A Yorkshire chief constable whose force faces cuts of almost £100m over four years has described a Government grant to freeze council tax bills as a “short-term sop”.
More than a dozen police authorities across the country, including West and North Yorkshire, have agreed not to raise precepts from April in return for a one-off handout from Ministers.
But the money is available for one year only, and West Yorkshire Chief Constable Sir Norman Bettison has warned that crime-fighting projects funded by the grant could be in jeopardy in 12 months.
Sir Norman said: “West Yorkshire Police Authority has chosen not to resist a £2.7m one-off grant but the problem is that, in the long term, if you spend it on things that are recurring – like people’s wages – you have not just got to find £2.7m next year, you have got to find £5.4m to keep those people employed.
“It feels to us like a short-term sop with real long-term risk to the viability of what we choose to spend it on.”

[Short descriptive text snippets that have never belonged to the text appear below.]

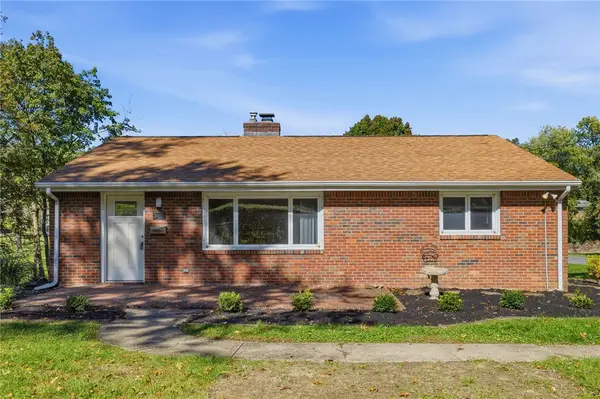 2400 Milford Dr, Bethel Park, PA 15102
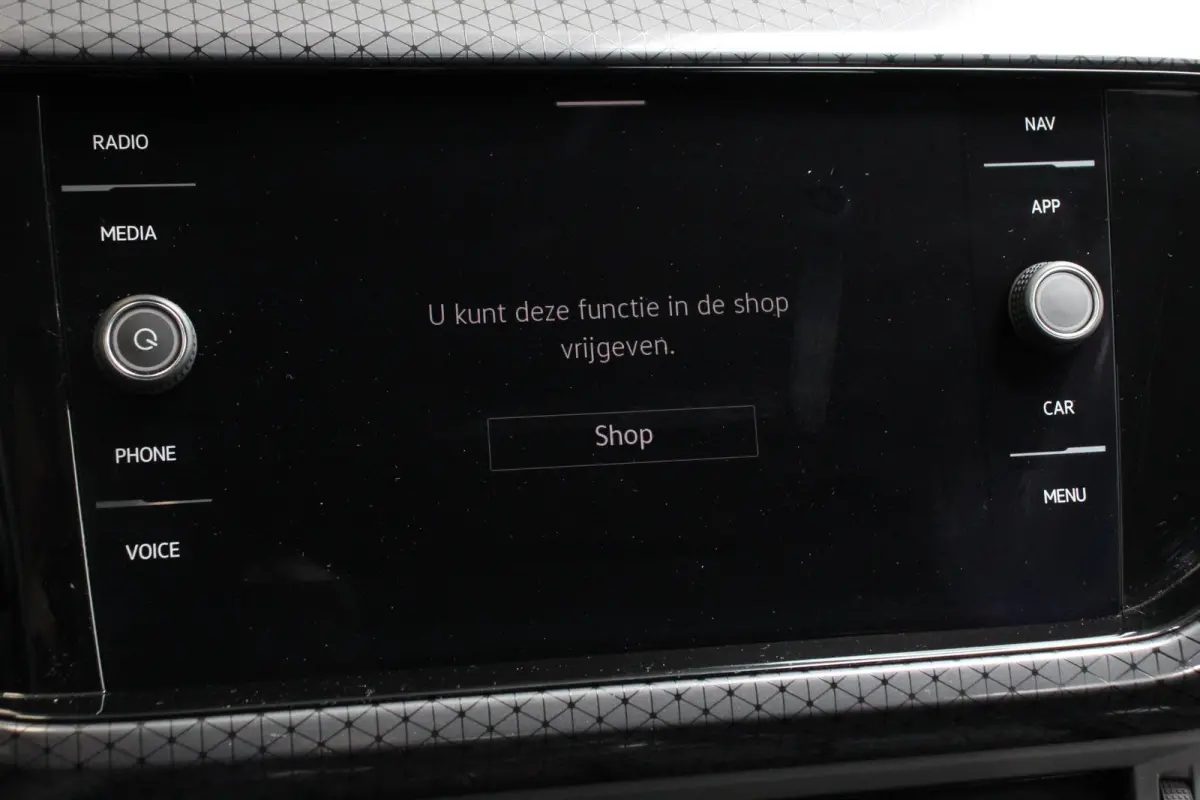 1.5 TSI DSG Style Team Navigatie Apple Carplay/Android Auto Adaptive cruise control Parkeersensoren Camera Stoelverwarming Virtual Cockpit Keyless Entry Lane assist Privacy glas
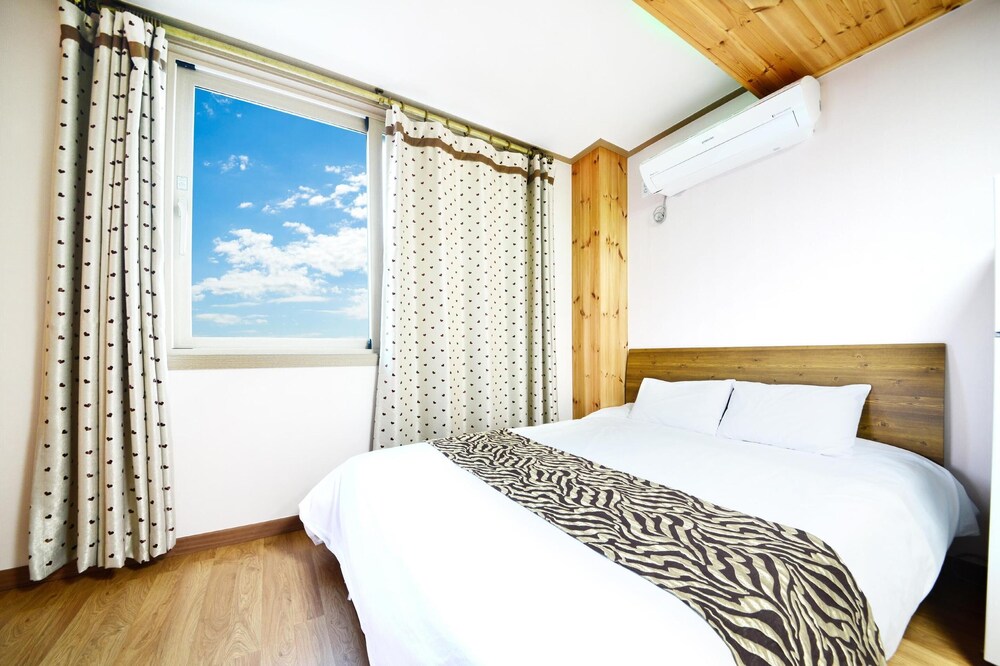 donghae red roof pension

Sir Norman said the force, which has shed 1,000 staff since June 2010, had made cuts of more than £37m in the last year and would have to find a further £27m by the end of March 2013.
He said the number of local neighbourhood officers and PCSOs had remained the same and other frontline departments had avoided the worst of the cuts.
But he revealed that divisional commanders were being encouraged to share resources where possible and he hinted there would be more emphasis on working with other Yorkshire forces to create regionwide units.
He said support workers had been most affected, and this meant officers were having to spend more time at headquarters or handling paperwork.
South Yorkshire and Humberside police authorities voted to turn down the Government’s grant and instead ask for more from the taxpayer.
Local Government Minister Bob Neill said: “Local residents who have seen their bills more than double since 1997 will be delighted that West Yorkshire Police Authority has taken up the Government’s grant to freeze its share of council tax for another year. Residents deserve a much-needed cost of living break.”